- EXERCISE GOAL -
Your answer should hold only the lines from the start of the data below through the line with "Borsa a tracolla", copied exactly, with pictures left out.

- EXERCISE INPUT -
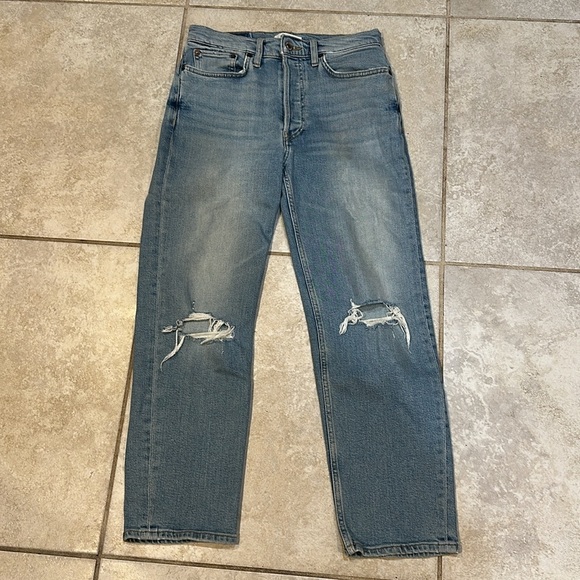 Redone 70s Stovepipe Destroyed Straight Crop Jeans 28 Ripped Distress - Picture 2 of 9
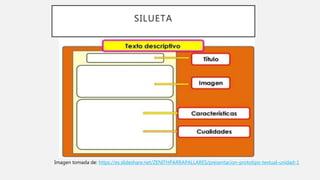 SILUETA
Imagen tomada de: https://es.slideshare.net/ZENITHPARRAPALLARES/presentacion-prototipo-textual-unidad-1
 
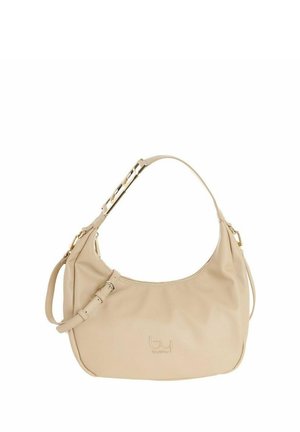 Borsa a tracolla in pelle beige con tracolla regolabile e dettagli in oro, caratterizzata da un piccolo logo in rilievo sul davanti.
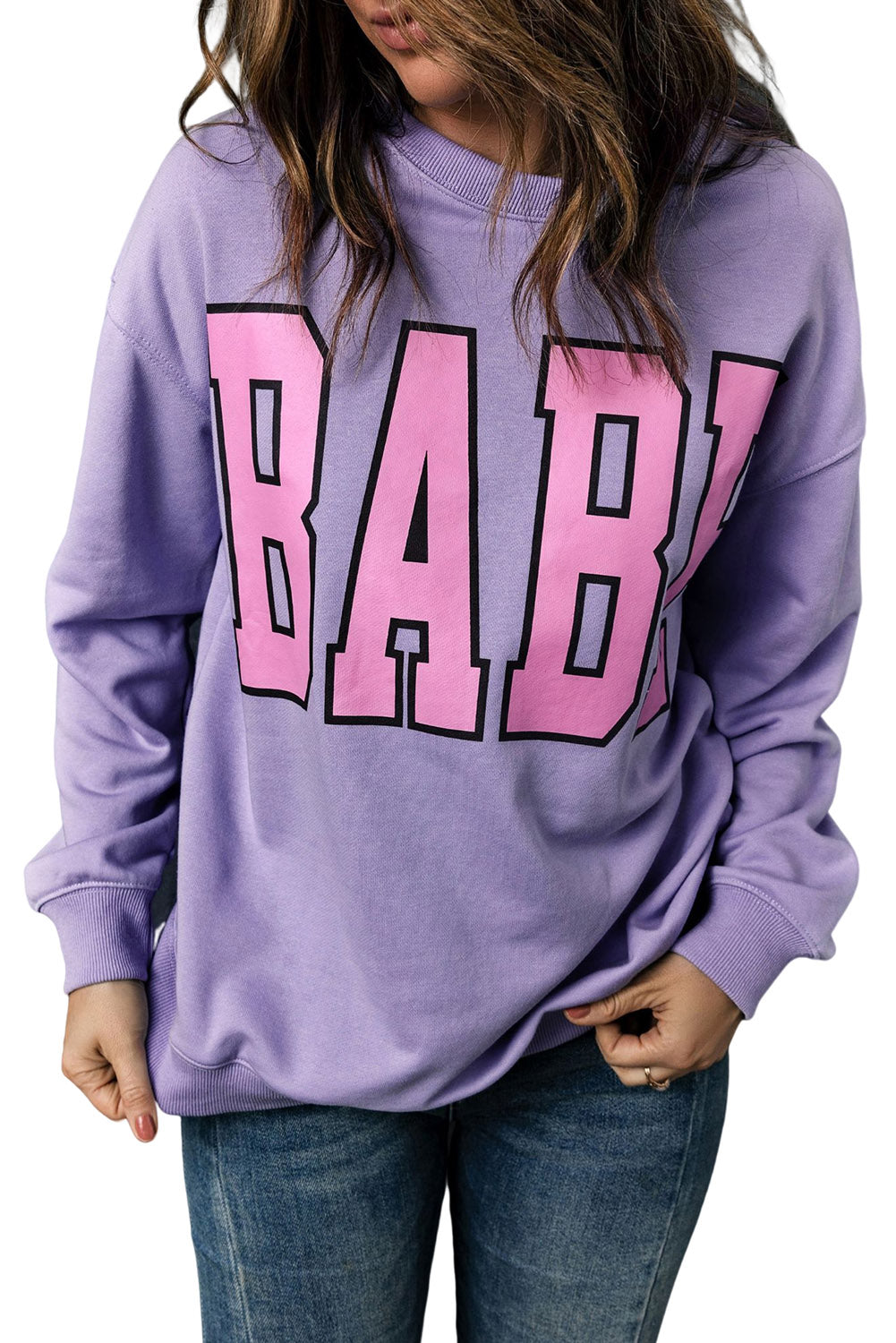 Graues Babe Buchstabe Grafikpullover Sweatshirt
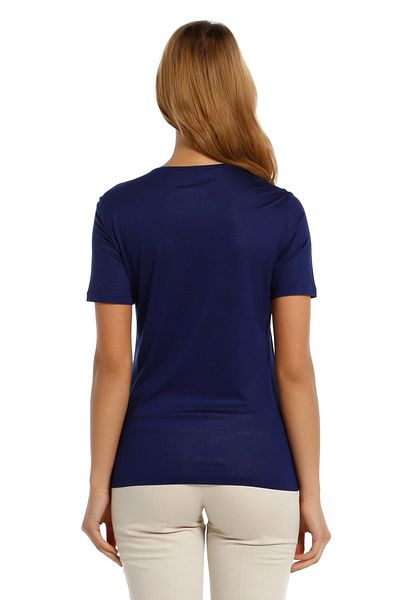 Solo Mercerized Knitted T-shirt with Sailing Print and Embroidery Detail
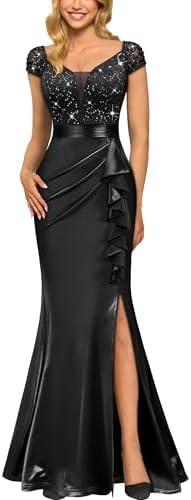Miusol Women's Vintage V-Neck Slim Style Ruffle Split Evening Formal Maxi Dress, XL
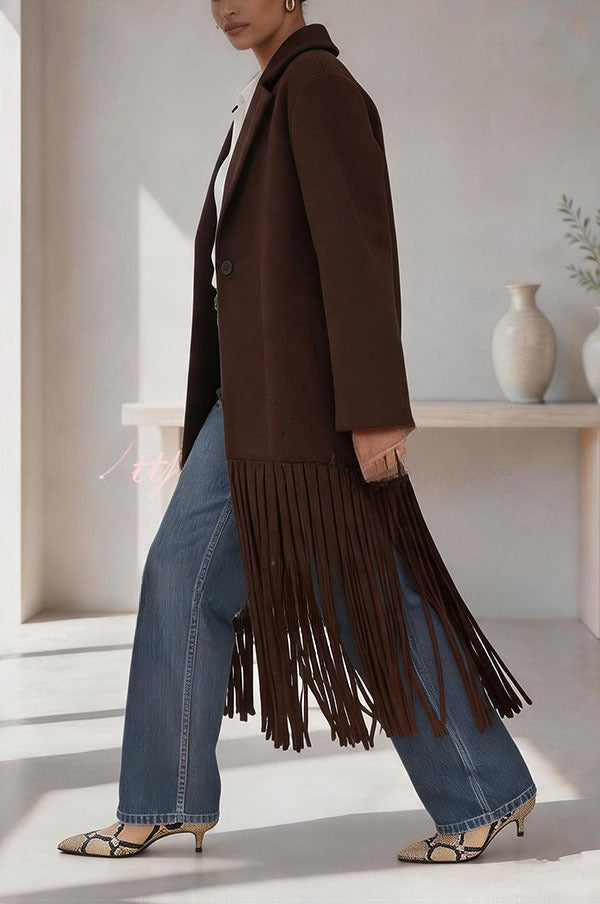 Roxane | Manteau mi-long en laine mélangée à revers, poches et franges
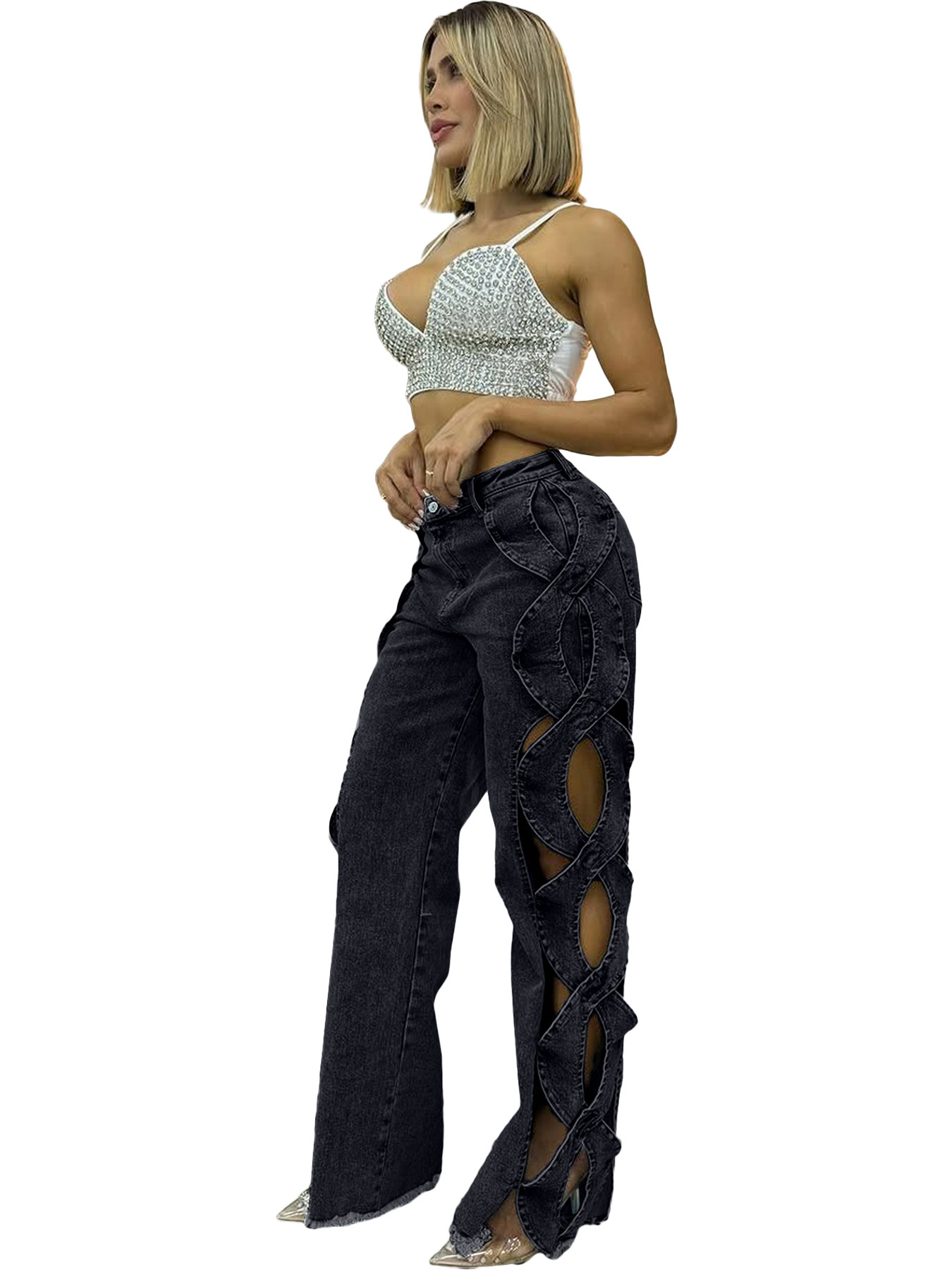 Women's Side Cutout S-Line Denim Pants – Edgy Patchwork Jeans With Distressed Details (Blue/Black-Gray, S-2XL)​_mkmklike.com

- TASK ANSWER -
 Redone 70s Stovepipe Destroyed Straight Crop Jeans 28 Ripped Distress - Picture 2 of 9
 SILUETA
Imagen tomada de: https://es.slideshare.net/ZENITHPARRAPALLARES/presentacion-prototipo-textual-unidad-1
 
 Borsa a tracolla in pelle beige con tracolla regolabile e dettagli in oro, caratterizzata da un piccolo logo in rilievo sul davanti.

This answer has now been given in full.